Use Ok to test your knowledge with the following "What Would Python Display?" questions:
python3 ok -q list-mutation -u

>>> s = [6, 7, 8]
>>> print(s.append(6))
______
None
>>> s
______
[6, 7, 8, 6]
>>> s.insert(0, 9)
>>> s
______
[9, 6, 7, 8, 6]
>>> x = s.pop(1)
>>> s
______
[9, 7, 8, 6]
>>> s.remove(x)
>>> s
______
[9, 7, 8]
>>> a, b = s, s[:]
>>> a is s
______
True
>>> b == s
______
True
>>> b is s
______
False
>>> a.pop()
______
8
>>> a + b
______
[9, 7, 9, 7, 8]
>>> s = [3]
>>> s.extend([4, 5])
>>> s
______
[3, 4, 5]
>>> a
______
[9, 7]
>>> s.extend([s.append(9), s.append(10)])
>>> s
______
[3, 4, 5, 9, 10, None, None]

Q2: Insert Items

Write a function that takes in a list s, a value before, and a value after.
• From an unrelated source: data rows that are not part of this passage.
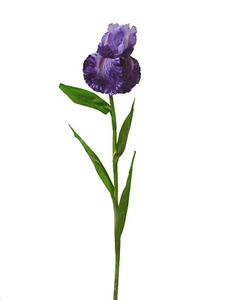 (00969) ARTIFICIAL FLOR INDIVIDUAL IRIS IRIDEAE LIRIO DE ESPAÑA SATIN AZUL - Picture 1 of 1
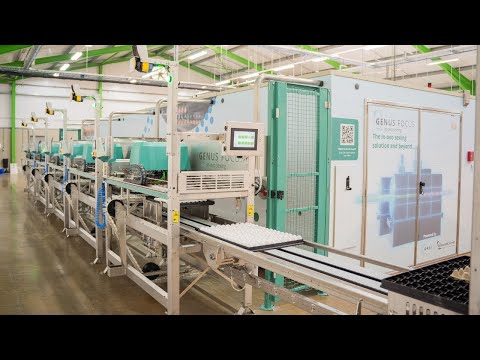 Genus Focus für In-Ovo Geschlechtsbestimmung (Deutsche Version)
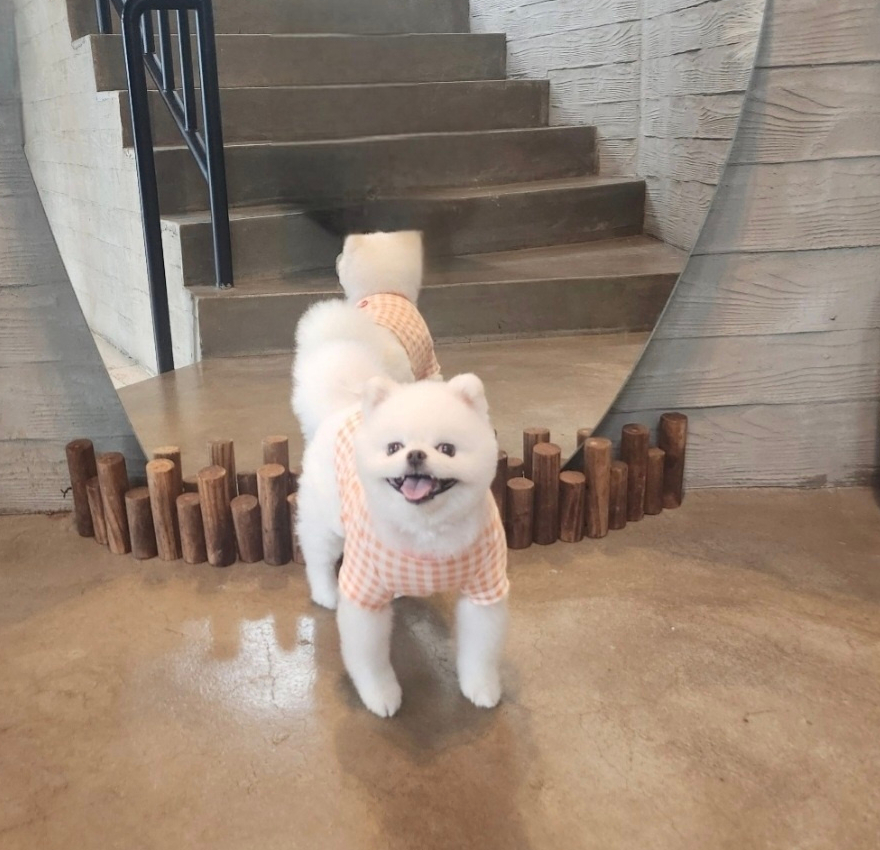 강아지 외이도 적출 수술, 대구 범어동물병원 비용 및 후기 — 사진 3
It modified s in place by inserting after just after each value equal to before in s. It returns s.

Important: No new lists should be created.

Note: If the values passed into before and after are equal, make sure you're not creating an infinitely long list while iterating through it. If you find that your code is taking more than a few seconds to run, the function may be in an infinite loop of inserting new values.
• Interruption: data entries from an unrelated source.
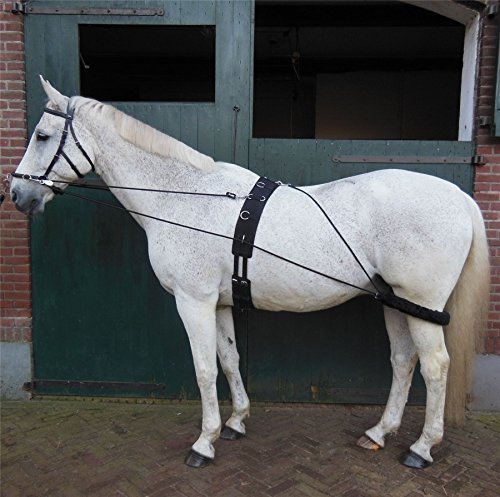 HORKA Equestrian Bit Stück Durable Schule longierarbeit Artikeln Schwarz Braun Blau, schwarz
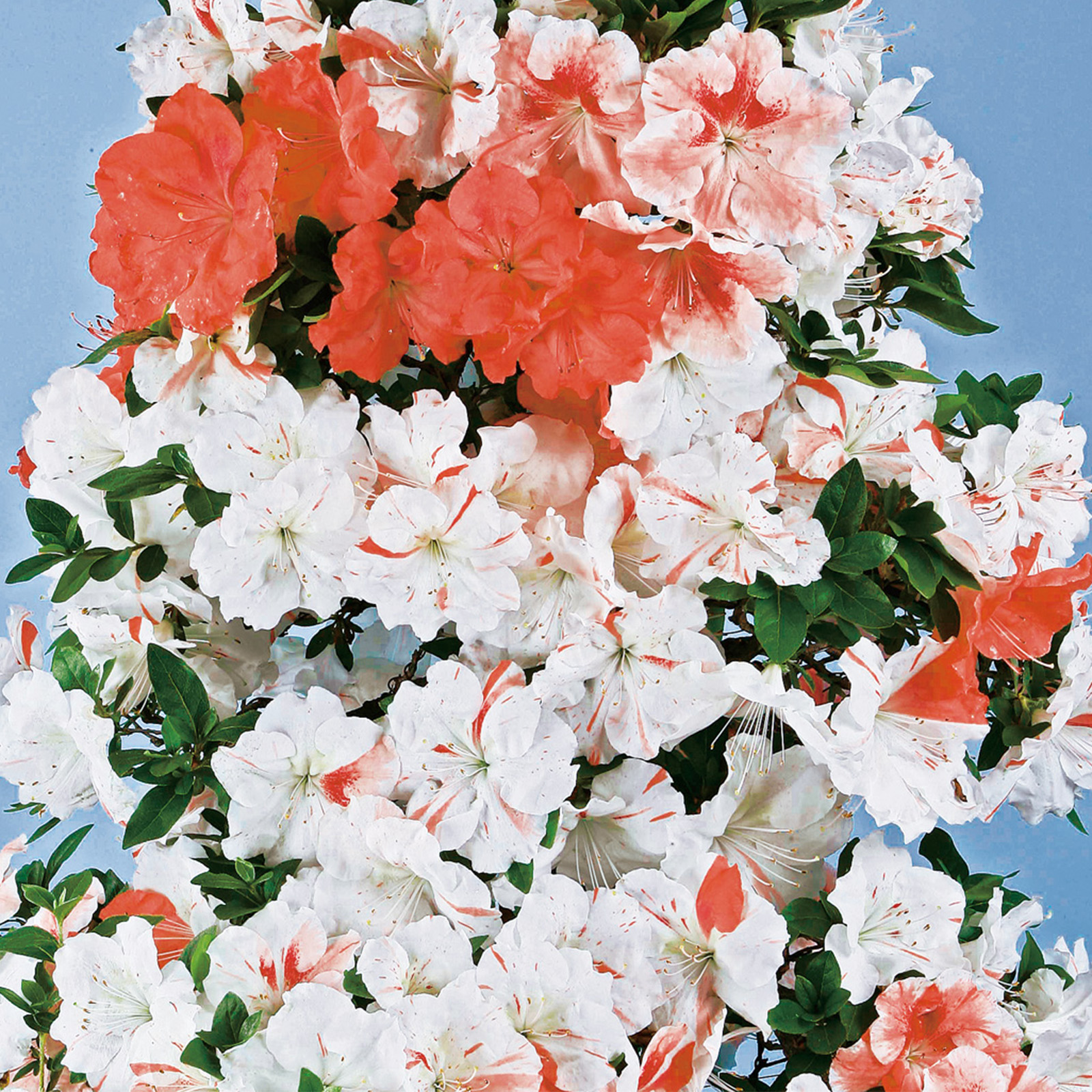 さつき花辞典：明朝 ｜ さつき盆栽春夏秋冬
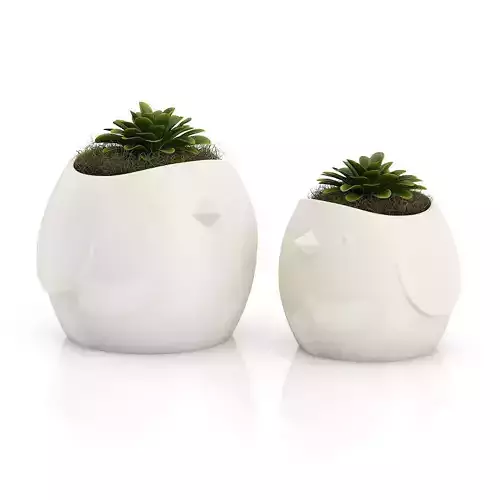 Two Plants in Bird Pots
def insert_items(s, before, after):
    """Insert after into s after each occurrence of before and then return s.

    >>> test_s = [1, 5, 8, 5, 2, 3]
    >>> new_s = insert_items(test_s, 5, 7)
    >>> new_s
    [1, 5, 7, 8, 5, 7, 2, 3]
    >>> test_s
    [1, 5, 7, 8, 5, 7, 2, 3]
    >>> new_s is test_s
    True
    >>> double_s = [1, 2, 1, 2, 3, 3]
    >>> double_s = insert_items(double_s, 3, 4)
    >>> double_s
    [1, 2, 1, 2, 3, 4, 3, 4]
    >>> large_s = [1, 4, 8]
    >>> large_s2 = insert_items(large_s, 4, 4)
    >>> large_s2
    [1, 4, 4, 8]
    >>> large_s3 = insert_items(large_s2, 4, 6)
    >>> large_s3
    [1, 4, 6, 4, 6, 8]
    >>> large_s3 is large_s
    True
    """
    "*** YOUR CODE HERE ***"

Use Ok to test your code:

python3 ok -q insert_items

Q3: Group By

Write a function that takes a list s and a function fn, and returns a dictionary that groups the elements of s based on the result of applying fn.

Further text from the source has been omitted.